I was about to post some helpful tips on using @sed@ to generate code, but thought a brief introduction of @sed@ was in order.

The history of qed, ed and sed

@sed@ is the stream version of the @ed@ command line editor (itself an offshoot of Ken Thompson’s “qed(An incomplete history of the QED Text Editor by Dennis Ritchie)”:http://cm.bell-labs.com/cm/cs/who/dmr/qed.html. Put simply, @ed@ was developed in a time when the capabilities of computer terminals fall far short of what is possible today – back then an editor like @vi@ wasn’t even possible. You couldn’t navigate to the piece of text you wanted to change, delete and then replace it – instead @ed@ presented with a view of your text and a command line. To change your text, you had to enter a command and watch the text change – a method which some people likened to a virtual typewriter (whereas the later @vi@ editor provided “virtual paper”). For example to replace the first occurrence of @bob@ with @fred@ you’d type the following:


s/bob/fred

@ed@ also supported regular expressions (albeit a simplified set of the regular expression support available in @qed@) – you could for example run a command to print out all the text that matches a regular expressions.

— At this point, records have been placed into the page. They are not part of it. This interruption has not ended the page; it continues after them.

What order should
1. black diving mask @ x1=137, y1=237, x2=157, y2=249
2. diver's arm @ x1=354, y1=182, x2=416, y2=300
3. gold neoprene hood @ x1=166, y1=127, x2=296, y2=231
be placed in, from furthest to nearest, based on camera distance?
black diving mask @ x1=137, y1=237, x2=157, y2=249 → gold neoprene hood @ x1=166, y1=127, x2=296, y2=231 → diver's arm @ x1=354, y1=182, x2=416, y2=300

From Jeffrey E. F. Friedl’s Mastering Regular Expressions:

The command “g/Regular Expression/p”, was read “Global Regular Expression Print”. This particular function was so useful that it was made into its own utility, @grep@ (after which @egrep@ – extended @grep@ was later modelled).

Introducing sed

@sed@ came from the need to run a series of @ed@ commands on a stream, without having to edit each file. commands could now be run on the command line like this:


sed g/Regular Expression/p file

Or could be put into a file of commands so several could be run at once:


sed -f sedcmdfile file

Being run on the command line, you could run sed on several files:


sed -f sedcmdfile *.txt

Or even on a whole directory tree – for example this finds all files with a @java@ suffix and executes sed on them:


find . -name "*.java" -print | xargs sed -f sedcmdfile {}

Its worth noting however that @sed@ simply outputs to @stdout@, so you’ll need to redirect the result into a file – as such running sed is of limited use unless you run it within a wrapper script to edit the original file, I’ll dig out a decent example and post it later. Next up, I’ll post a helpful tip or two to get you started with @sed@.

Getting sed

Sed has been a standard part of Linux and Unix distributions for years now, and has been ported to many systems. On windows, it is shipped as part of “cygwin”:http://www.cygwin.com/.

Further reading

  • “Mastering Regular Expressions, 2nd Editing by Jeffrey E. F. Friedl”:http://www.oreilly.com/catalog/regex2/index.html. This covers regular expressions as a whole, looking at various implementations in grep, Perl, Java and .net
  • “Sed & Awk,2nd Edition by Dale Dougherty, Arnold Robbins”:http://www.oreilly.com/catalog/sed2/. this was my bible when I started learning sed, and remains the definitive text on the subject.
  • “Communications of the ACM – Regular expression search algorithm(The ACM Digital Library – Programming Techniques – Regular expression search algorithm)”:http://portal.acm.org/citation.cfm?id=363387&dl=ACM&coll=GUIDE. This is Ken Thompson’s original paper on Regular Expressions, the work for which was introduced into @qed@. Registration is required for the full (pdf) paper.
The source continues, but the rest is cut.